Data shown.
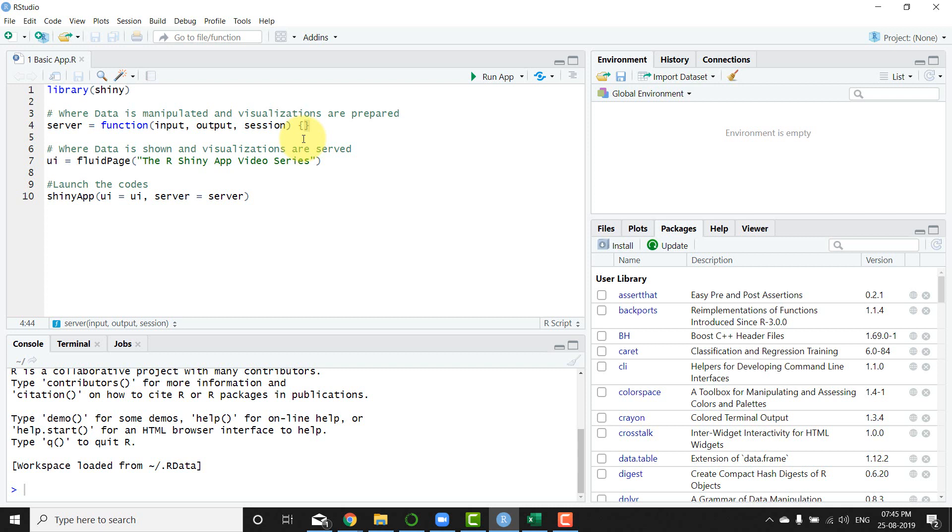So basically this is where your data is manipulated and the visualizations are prepared. The next part of it is the UI where you're going to use a fluid page, which is nothing but a dynamic way of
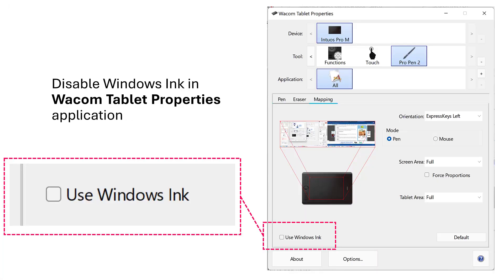Now one option we have, which we've had for quite a while now, is to disable Windows Ink in the Wacom tablet properties. We just go to Mapping and uncheck Use Windows Ink.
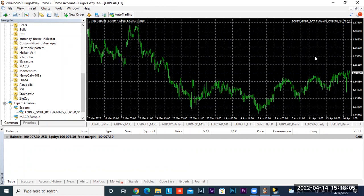We're now ready to receive trades. In the next training we're going to show you how to set up your parameters — your stop loss, your take profits, and some of the custom parameters you can use with the Goby Copycat Signals Copier. Thank you everybody for tuning in and we'll see you on the next training video.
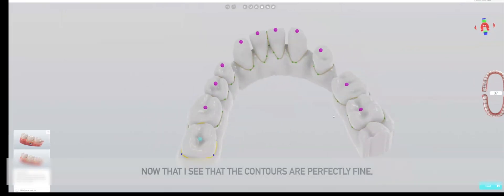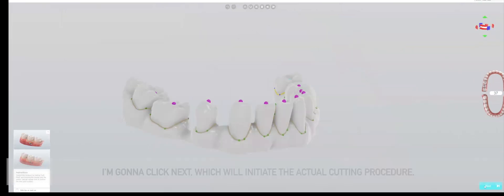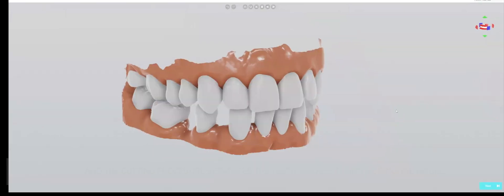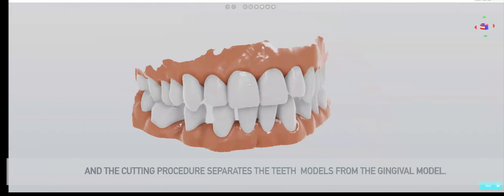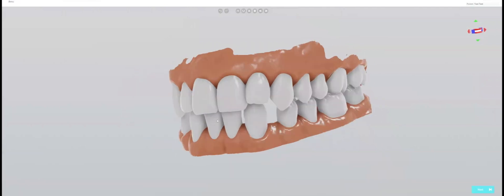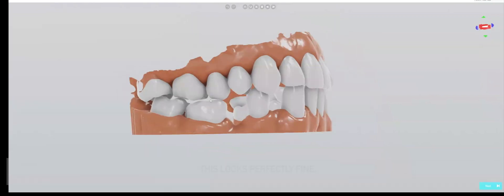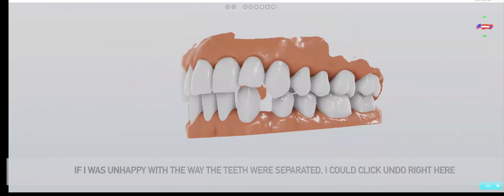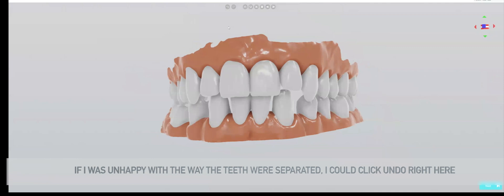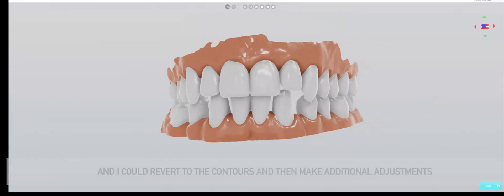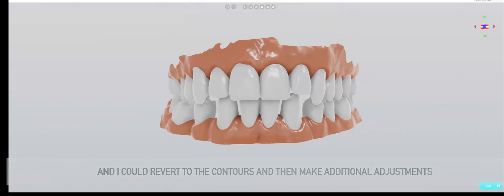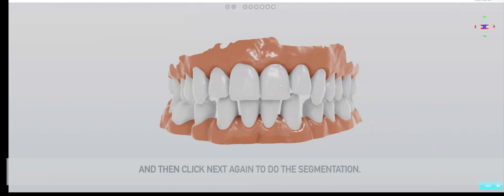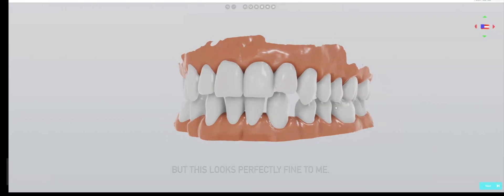Now that I see the contours are perfectly fine, I'm going to click next which will initiate the actual cutting procedure. The cutting procedure separates the teeth models from the gingiva model. This looks perfectly fine. If I was unhappy with the way the teeth were separated, I could click undo and revert to the contours and make additional adjustments.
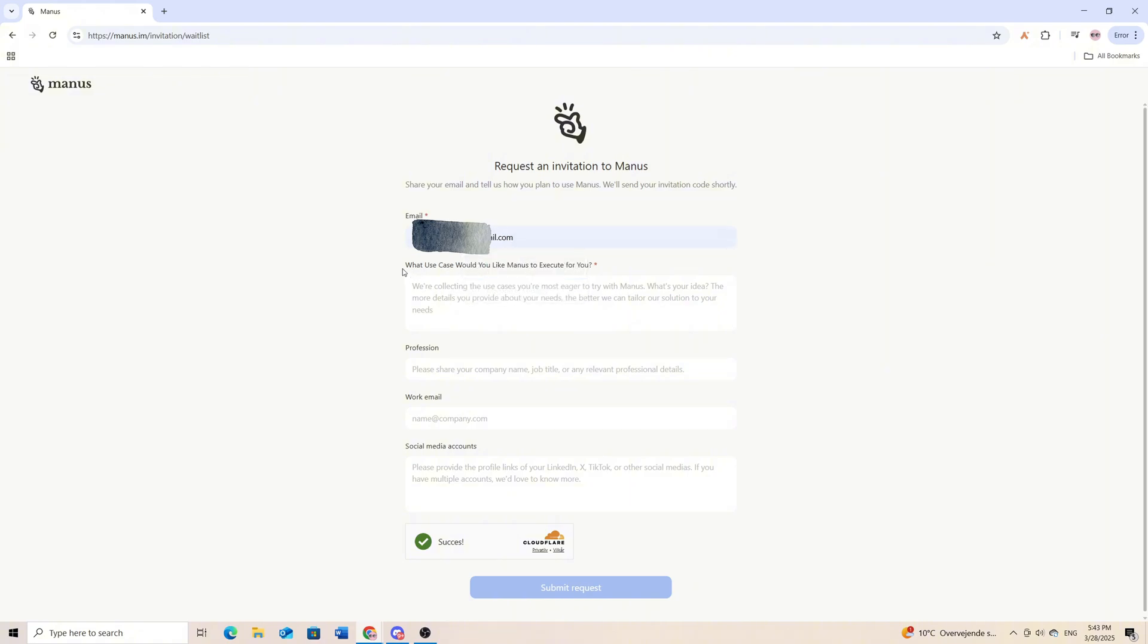Then you need to tell what use case you would like Manus to execute for you.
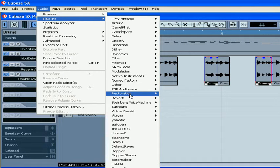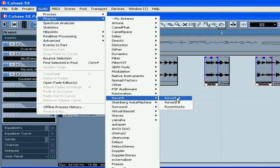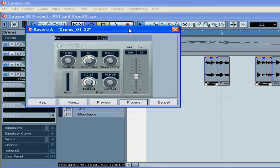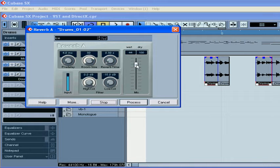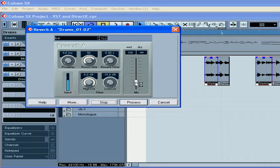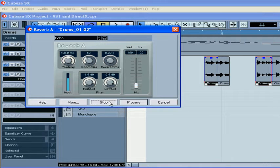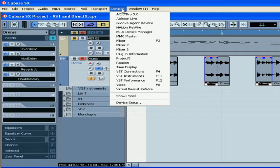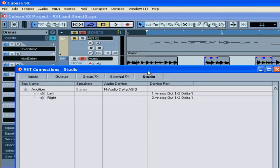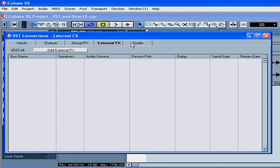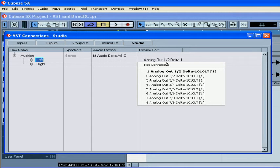Select Audio, Plugins, Reverb. I've chosen Reverb A. To audition my results, I'm going to use the Preview button. If you don't hear anything, check the device's port column under Devices, VST Connections, Studio.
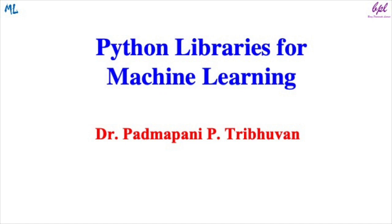Hello all, welcome or welcome back to Being Passionate Learner. I'm Dr. Padmapani Trebhwan. In this video, we are going to overview popular libraries of Python which are used for machine learning.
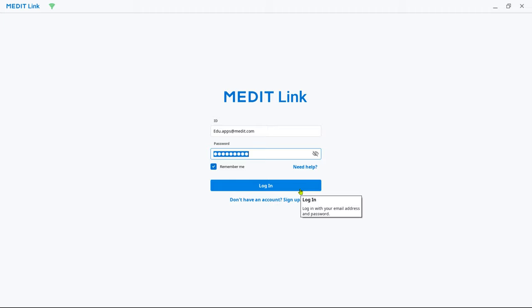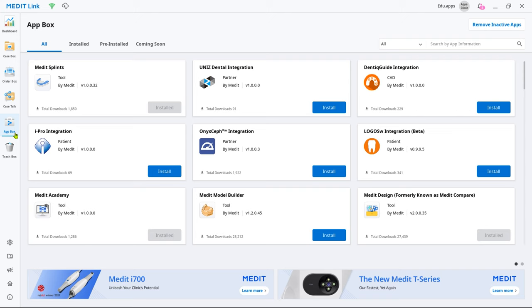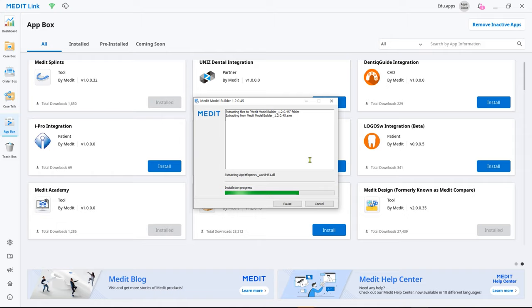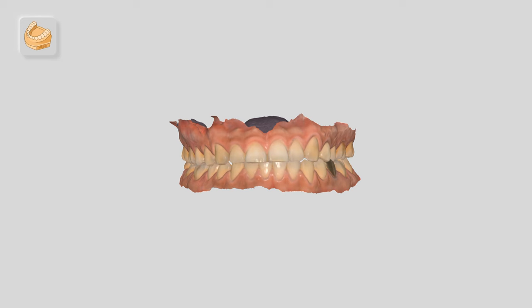Log into your MeditLink account and go to App Box, then find Model Builder and click Install. The installer will run automatically.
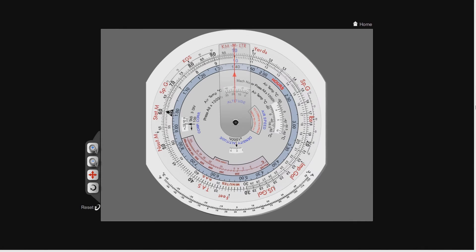Hello YouTube and welcome back to part 7 of this series on how to use the CRP5. Today we're going to be looking at Mach number, true airspeed and the local speed of sound, and how to use both an equation and the CRP5 to calculate Mach number if you know the local speed of sound and the true airspeed, or to work out the true airspeed if you know the local speed of sound and the Mach number. But first, let's define what we mean by Mach number, true airspeed and local speed of sound.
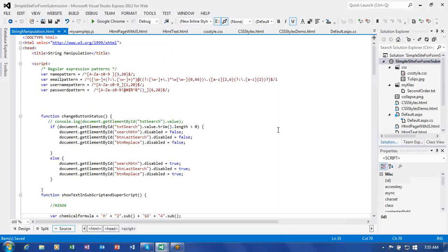This is how we can use string manipulation with a few string functions in real-world application development. In the next session we will discuss arrays. Thank you very much.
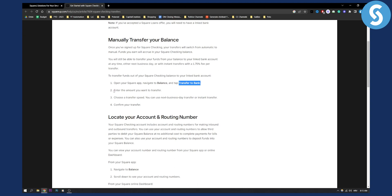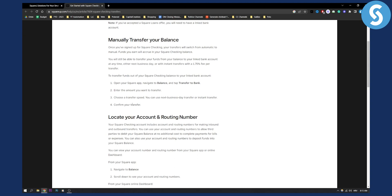Here you need to enter the amount you want to transfer, then choose the transfer speed and that's it. Confirm your transfer and you'll be able to withdraw your money from Square to your bank account.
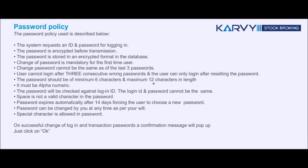The password expires automatically after 14 trading days, forcing the user to choose a new password. The password can be changed by you at any time as per your will. Special characters are allowed in the password.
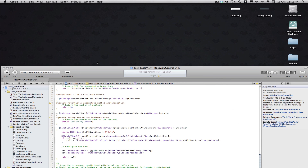We're here with another Xcode tutorial. In this Xcode tutorial I'll be teaching you how to set the background view and the selected background view of a UITableViewCell.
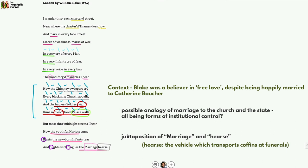From the poem's beginning to its end, control is seen to take on various forms — from the state to the individual level — all of which is seen to result in human suffering, whether physical as in the soldier's blood, or psychological as in the infant's tear and the unhappy marriage alluded to in the final reference to the marriage hearse.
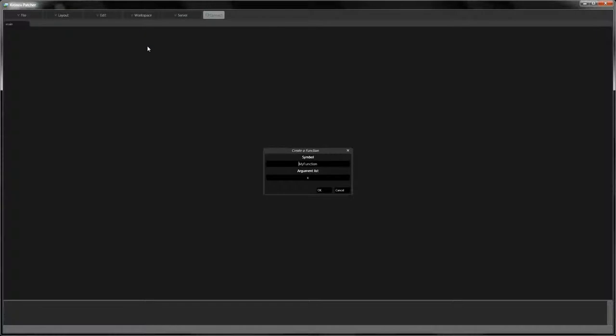To create a function, open the workspace menu and click Add Function. You're prompted for a function name and a list of arguments. Let's create a function called MySquare with a default argument list.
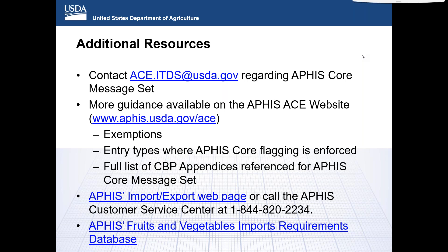Is SPP acceptable for reporting species when the genus is also provided? As long as the requirement isn't for both genus and species, if the requirement is only to provide genus, then SPP would suffice.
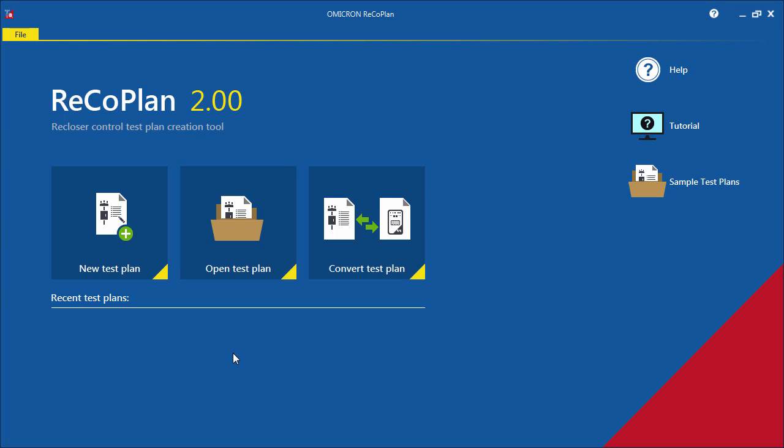Technicians and engineers might prefer to prepare a test plan procedure prior to the field test. The recloser control test plan creation software, ReCoPlan, makes this easy. This PC-based application allows the user to generate a test plan and execute with ARCO Control or the CM Control R.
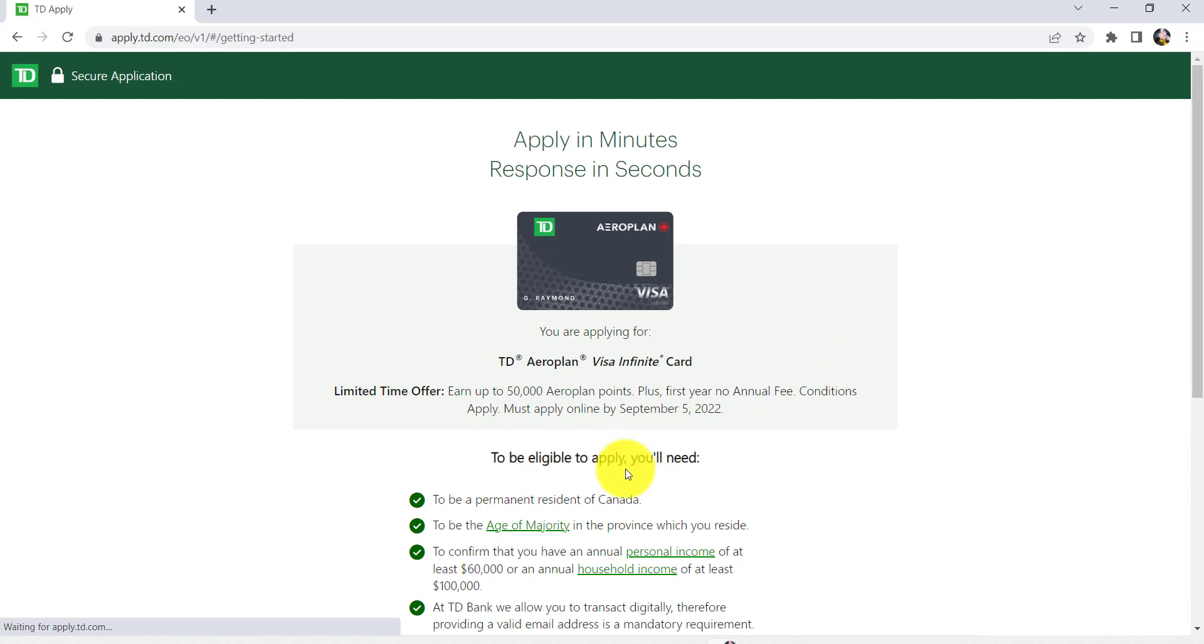To be eligible to apply, you'll need to be a permanent resident of Canada, to be the age of majority in the province which you reside, to confirm that you have an annual personal income of at least $60,000 or an annual household income of at least $100,000.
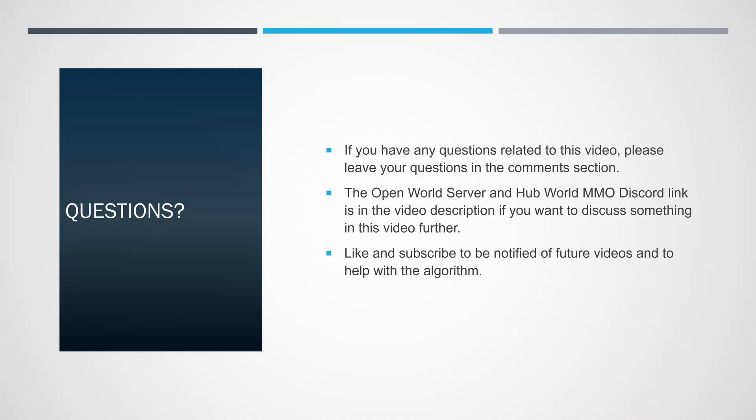If you have any questions related to this video, please leave your questions in the comment section. The open world server and hub world MMO discord link is in the video description. If you want to discuss something in this video further, like and subscribe to be notified of future videos and to help with the algorithm. Until next time, have a good one.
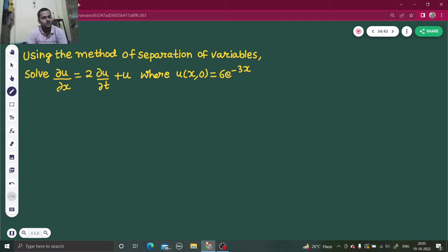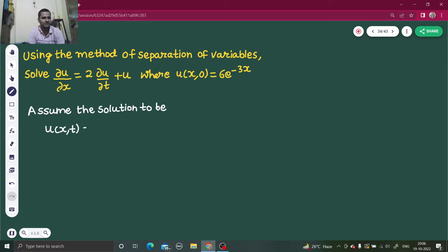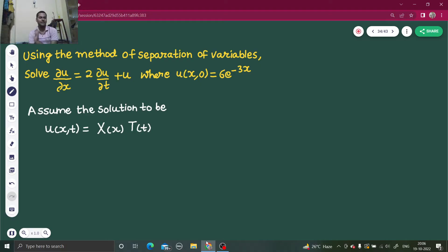In this type of problem, we assume our solution. From the given equation, the dependent variable is u and the independent variables are x and t, so u is a function of x and t. We assume that the solution looks something like this: u equals capital X times capital T, where capital X is a function of small x only and capital T is a function of small t only.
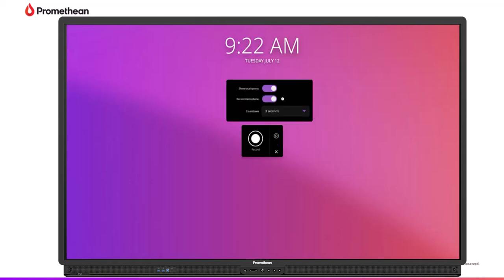Select if you would like to record touch points and microphone. Please note, no sound is recorded from the panel or connected devices from apps or videos.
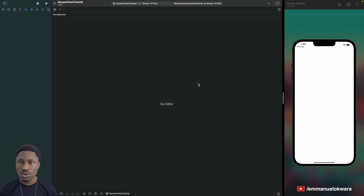Hey guys, welcome back to my channel. For those of you who are new, my name is Emmanuel, and today I'm going to be showing you how to enable dynamic text to basically improve the accessibility of your app.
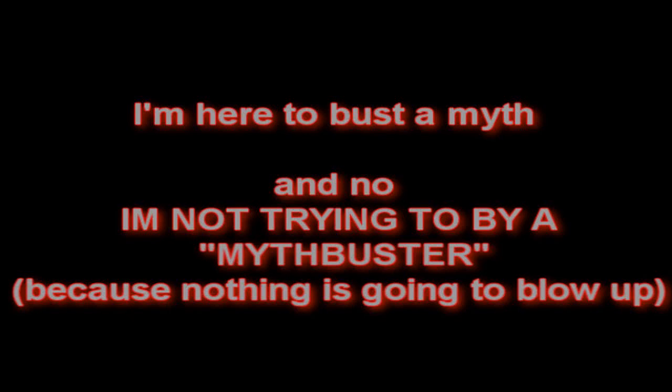I'm here to bust a myth, and no, I'm not trying to be a quote-unquote mythbuster because nothing is going to blow up.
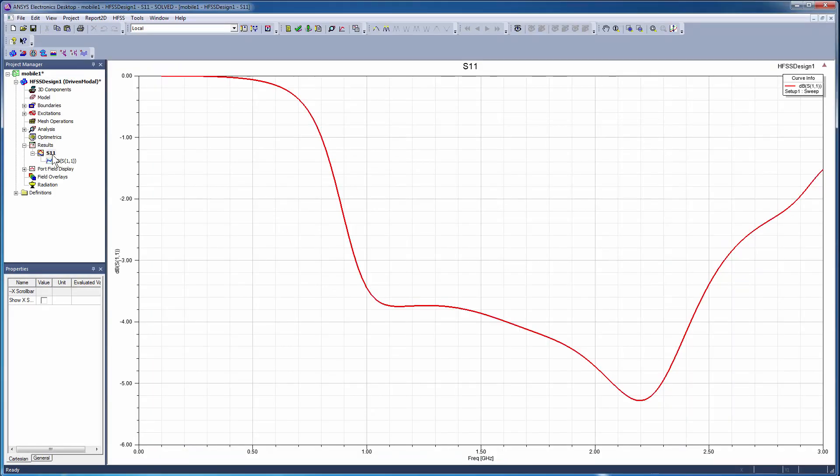Open the S11 plot and observe the return loss, which indicates that the antenna is not properly matched near the band of interest around 1 GHz.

Problem requirements. Set down exactly, with no additions, each line from the line that includes "I'm here to" to the final line of the entries above; leave pictures out.

Response area.
I'm here to bust a myth, and no, I'm not trying to be a quote-unquote mythbuster because nothing is going to blow up.
Open the S11 plot and observe the return loss, which indicates that the antenna is not properly matched near the band of interest around 1 GHz.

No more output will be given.